Rebattu ? Galvaudé ? A la mode ? Non. Tarte à la crème. L’avenir du Cloud Computing est aux blogueurs et éditorialistes un inépuisable sujet d’argumentation. C’était, jusqu’à très récemment, une technologie et une solution infrastructurelle quasiment idyllique : économique en diable, sécurisée de bout en bout, permettant –sans trop le clamer- les dégraissages tant espérés par les actionnaires de grands groupes, le tout garantissant une efficacité et un retour sur investissement mirifiques. Discours que l’on entend depuis des lustres… autrefois, cela s’appelait la « sous-traitance en Batch » sur du mini-6 à temps de travail saucissonné. Puis ce fut la mode de l’externalisation. Puis les Application Service Provider. Plus tard encore des « managed services ». Aujourd’hui, on virtualise, on fait de la collocation, de l’agrégation de compétences dans des data centers comptant plusieurs centaines de milliers de machines : c’est le Cloud.
Qu’est-ce qui ferait cette fois que ce Cloud-là aurait plus de succès que les petits nuages d’antan ? En premier lieu la généralisation des maillages haut débit et des opérateurs télécoms locaux qui vendent à la fois infrastructure informatique et liens de transmission. Ensuite les « gros » prestataires de services sont de véritables acteurs planétaires. Google, Microsoft, Amazon… des noms dont on sait très bien qu’ils sont capables d’aligner à la fois la solidité financière, les teraflops de calcul, les petaoctets de stockage, les Méga-systèmes d’exploitation adaptés à ces super-clusters et les exa-effectifs de maintenance, d’intervention et d’administration.

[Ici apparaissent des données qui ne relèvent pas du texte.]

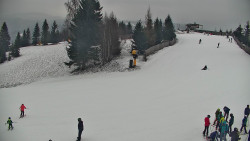 Ski Branná - horní kamera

Seulement voilà , après les promesses lénifiantes des premiers jours, voici que résonnent certaines objections. Ainsi, lors de la dernière réunion Parisienne du Cercle Européen de la Sécurité, Maître Christiane Féral-Schuhl rappelait certaines règles juridiques de prudence relatives à la nature du contrat liant le donneur d’ordre et le sous-traitant, et les risques, en cas de désaccord, de voir se juger un différent dans une juridiction autre que Française. Et encore, lorsque ce genre d’action à quelque chance d’aboutir. En termes plus simple, le Cloud n’est jamais qu’un mot nouveau pour désigner une sous-traitance de service, et l’on a intérêt que ledit service soit à portée de main d’avocat, quelque part entre La Bourboule et Castelnaudary. Quand à l’économie supposée, elle n’est probablement effective que dans le cadre de petites et moyennes structures informatiques, essentiellement en raison de l’optimisation des ressources offertes et de la réorganisation plus stricte qu’impose une sous-traitance bien définie. Les grandes entreprises, pour leur part, ont depuis longtemps des services informatiques structurés et optimisés. Les économies escomptées seraient moins évidentes, les risques liés à l’expatriation des données plus importants.
Ce à quoi les grands acteurs du Cloud font remarquer que tous, sans exception, possèdent au moins une filiale dans chaque pays d’Europe, garantissant ainsi les possibilités de recours légal nécessaire. Certes, mais les données… où sont-elles ? Sous quelle juridiction ? Les promesses d’aujourd’hui ne sont pas à l’abri des interprétations de demain. Et quand bien même seraient-elle conservées localement que se pose la question de la cohésion de la « chaine de sécurité » et de la « chaine de normalisation/certification ». Security Focus publie à ce titre un court article sur le sujet, au fil duquel il est fait remarquer que certaines contraintes PCI-DSS limitent l’usage de cette nouvelle forme de sous-traitance… pour de simples raisons de définition.
« Le problème n’est pas si simple » dit en substance Christopher Hoff –Packetfilter-, au fil d’une présentation kilométrique (66 pages Powerpoint) traitant précisément de sécurité et de cloudification des services, des logiciels, des infrastructures… Hoff décortique les différents types d’externalisation, les différents moyens d’utiliser ces externalisations –partielle ou totale-, les différentes offres de service des trois principaux « vendeurs de nuage » et les différents niveaux de sécurité que l’usager-client doit lui-même assurer en fonction de l’offre. Ladite présentation, conçue pour illustrer les propos de Hoff lors de la dernière conférence SourceBoston, s’intitule « Les grenouilles qui voulaient un roi, une sur la virtualisation et le Cloud Computing ». Sa première accroche, « Virtual Security In the Cloud Is Bollocks », donne tout de suite le ton. Mais ne nous y trompons pas, il s’agit là d’un exposé très sérieux et qui parvient à faire le tour de la question. Un document de travail indispensable que devrait lire tout responsable de projet avant de s’engager dans une telle croisade.